We know that finding the derivative of a function is one of the fundamental concepts of calculus. The derivative of a function is defined as the instantaneous rate of change of the function at some point. The process of finding the derivative of a function is known as differentiation. We can compute multiple derivatives of the same function. When we differentiate the function first, the resultant derivative is known as the first derivative. When we differentiate the first derivative further, the resultant expression is known as second-derivative. In this article, we will only see how to find the first derivative of the implicit functions.

You should be familiar with the rules of differentiation before trying to find derivatives of functions. Some of the basic differentiation rules are given below.

  • Constant rule :  \frac {d} {d(x)} (c) = 0
  • Power rule : \frac{d} {d (x)} x ^ n = nx ^ {n - 1}
  • Sum rule : \frac {d} {d (x)} = [f(x) + g(x)] = f' (x) + g'(x)
  • Difference rule : \frac {d} {d (x)} = [f(x) - g(x)] = f' (x) - g'(x)
  • Product rule : \frac {d} {d (x)} [f(x) g(x)] = f(x) g'(x) + f'(x) g(x)
  • Quotient rule (used for fractions): \frac{d} {d (x)} [ \frac{f(x)} {g(x)}] = \frac {g(x) f' (x) - f(x) g' (x)} {[g(x)] ^2}
  • Chain-rule : \frac{d} {d (x)} f(g (x)) = f'(g(x)) g'(x)
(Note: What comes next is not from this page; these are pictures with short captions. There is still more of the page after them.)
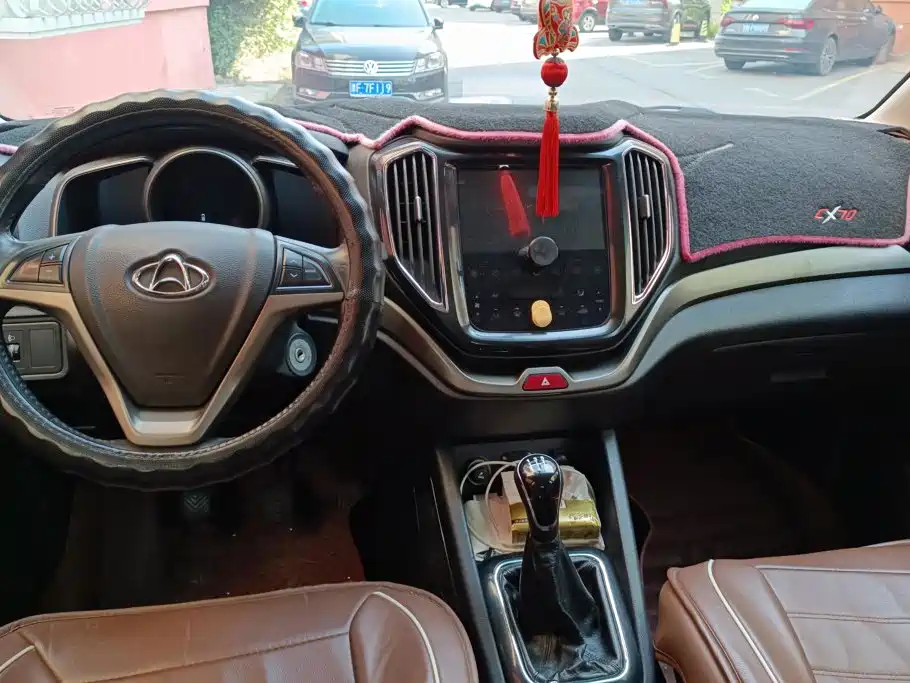 Changan Oshan Changan Oushang CX70 2016 2016 1.6L Manual Luxury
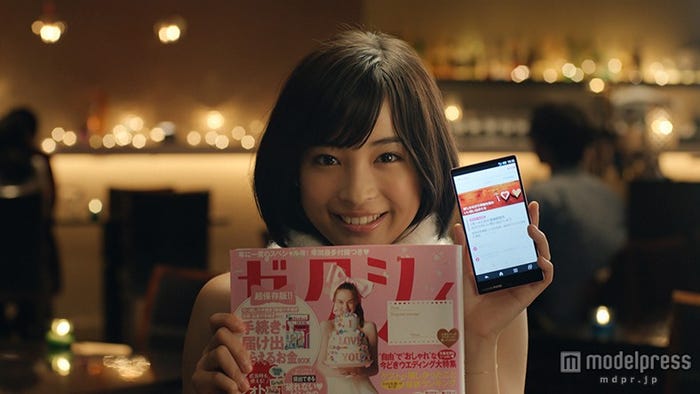 「プロポーズされたら、ゼクシィ」CM 広瀬すず・おしゃべり篇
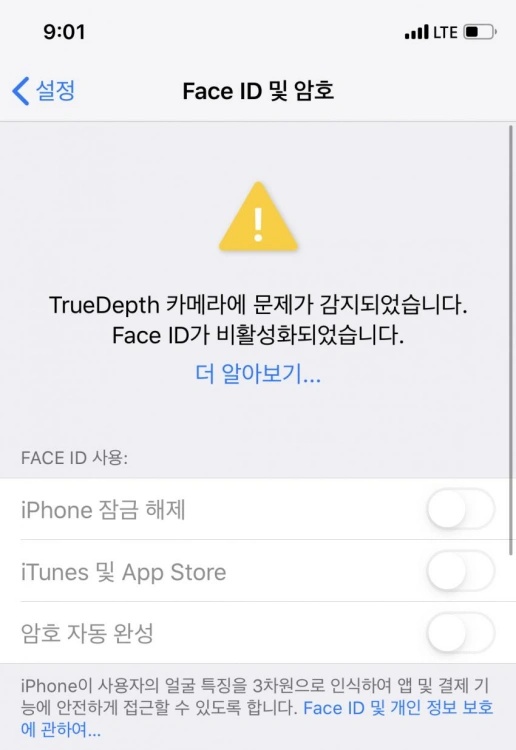 아이폰 18 Face ID 및 잠금 해제 버그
How to do Implicit Differentiation?

You may have probably done explicit differentiation multiple times because it is the basic kind of differentiation which involves applying the derivative rules. Have you ever wondered how to differentiate an implicit function and how this kind of differentiation is different from the explicit one? Well in this section we will learn how do we find a derivative of an implicit function from examples. But before proceeding to examples, let us first see the steps involved in the implicit differentiation of a function.

  • Step 1: The first step of the implicit differentiation is to differentiate both sides of the function with respect to the variable x. One thing to keep in mind is to multiply the derivative of the term involving the variable y with \frac {dy} {dx}.
  • Step 2: In this step, we solve the equation for \frac{d(y)} {d(x)} by  isolating \frac{d(y)} {d(x)}.

In other words, we can say that when we are given an implicit function, we use a chain rule to differentiate the function. The following examples will clarify this concept further.

Example 1

Differentiate x^4 + y ^3 = 6

Solution

For your ease, we have broken down the solution of this problem into multiple steps.

Step 1 - Differentiate both sides of the function with respect to the variable x

\frac {d} {d (x)} x ^4 + \frac{d} {d(x)} y ^3 = \frac {d} {d(x)} 6

We will apply the derivative power rule to the left side and derivative constant rule to the right side of the function.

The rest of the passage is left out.